# Mozart - Ballet Music from the opera Idonomeo, KV 367



## HansZimmer (11 mo ago)

How do you rate this suite?


----------



## feierlich (3 mo ago)

One thing I would say is that Hogwood had an exceptional recording of this suite, but it's quite a shame that he didn't record the whole opera. I love his performance of _Die Entführung aus dem Serail_ and _La clemenza di Tito_.


----------



## Rogerx (Apr 27, 2018)

I voted: Good, not that special, have in in a Philips box from way back .


----------



## Bulldog (Nov 21, 2013)

I derived little enjoyment - not so good, not so bad.


----------



## larold (Jul 20, 2017)

The part two *Largo-Allegretto-Piu allegro* under Zinman is 5 minutes of joy and fury. The rest is a bit more episodic but it's all Mozart so it's delectable.


----------



## Xisten267 (Sep 2, 2018)

I think it's a good suite. I like Classical era dance music and I believe that it's underrated by ballet companies. A 7.0 out of 10 in terms of how much I enjoy it.

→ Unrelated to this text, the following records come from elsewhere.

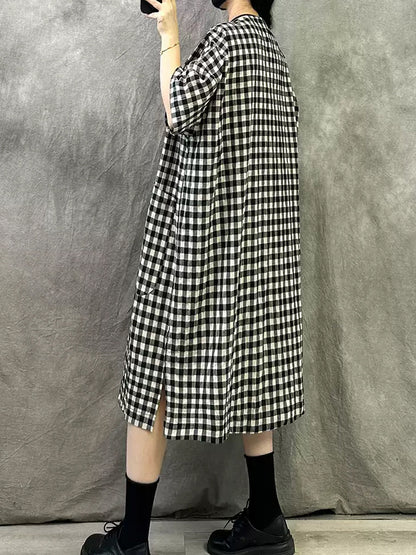 Summer V-Neck Dress Women Plaid Vintage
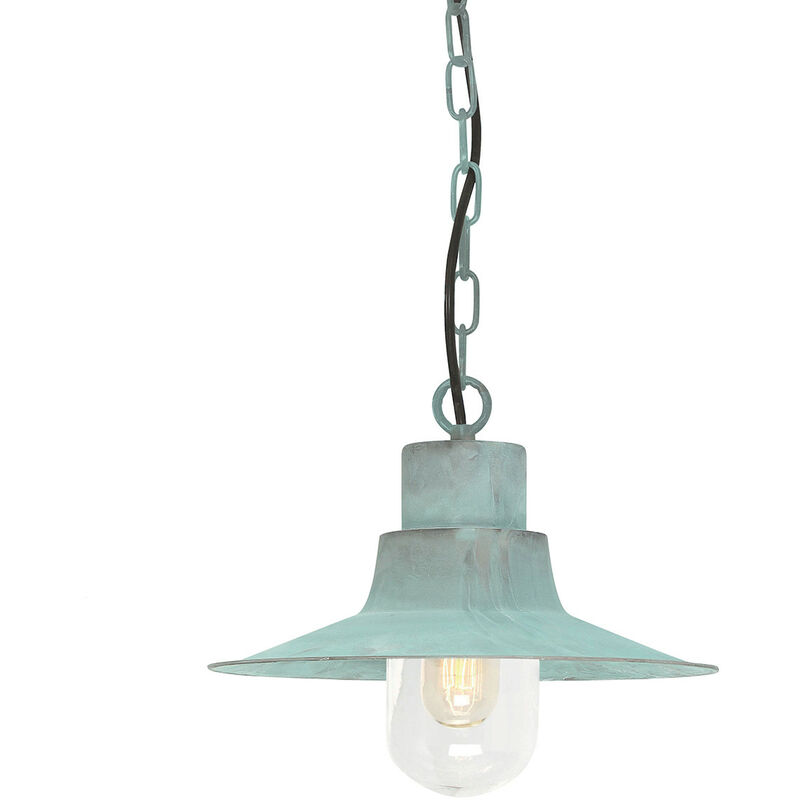 Sheldon - Lanterna a Catena da Soffitto da Esterno 1 Luce Verdigris IP44, E27 - Elstead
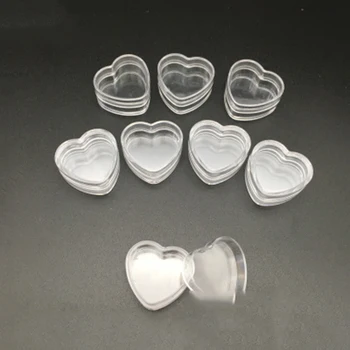 10buc Plastic transparent in Forma de Inima Crema de Cutii Goale de Plastic Clar Oală Borcan Cutii Cosmetice Machiaj Transparent Recipient
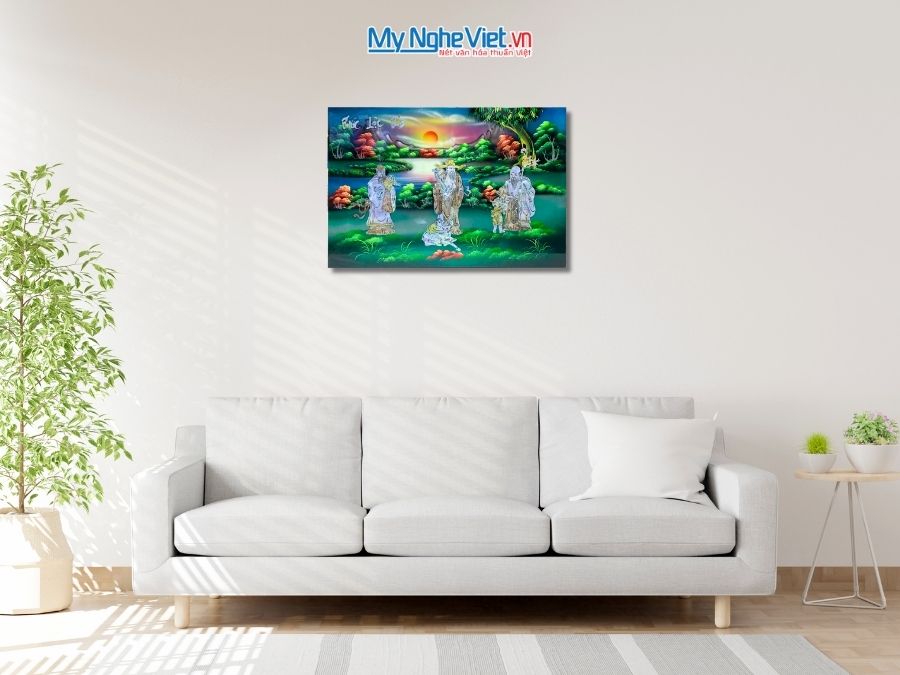 Tranh Sơn Mài Phúc Lộc Thọ Cẩn Ốc Nền Xanh 40x60cm TSM467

_Idomeneo_ as a whole is one my favorite Mozart operas and I greatly admire it. It's aria _Se il padre perdei_ ("If I have lost my father"), that has a theme that the composer used again in the second movement of his symphony No. 40, is one of the most beautiful, lyrical and touching he ever composed in my humble opinion. The opera I rate as a 8.5 out of 10 in terms of my personal taste.





Mozart's aria _Se il padre perdei_, here sung by Lucia Popp.


----------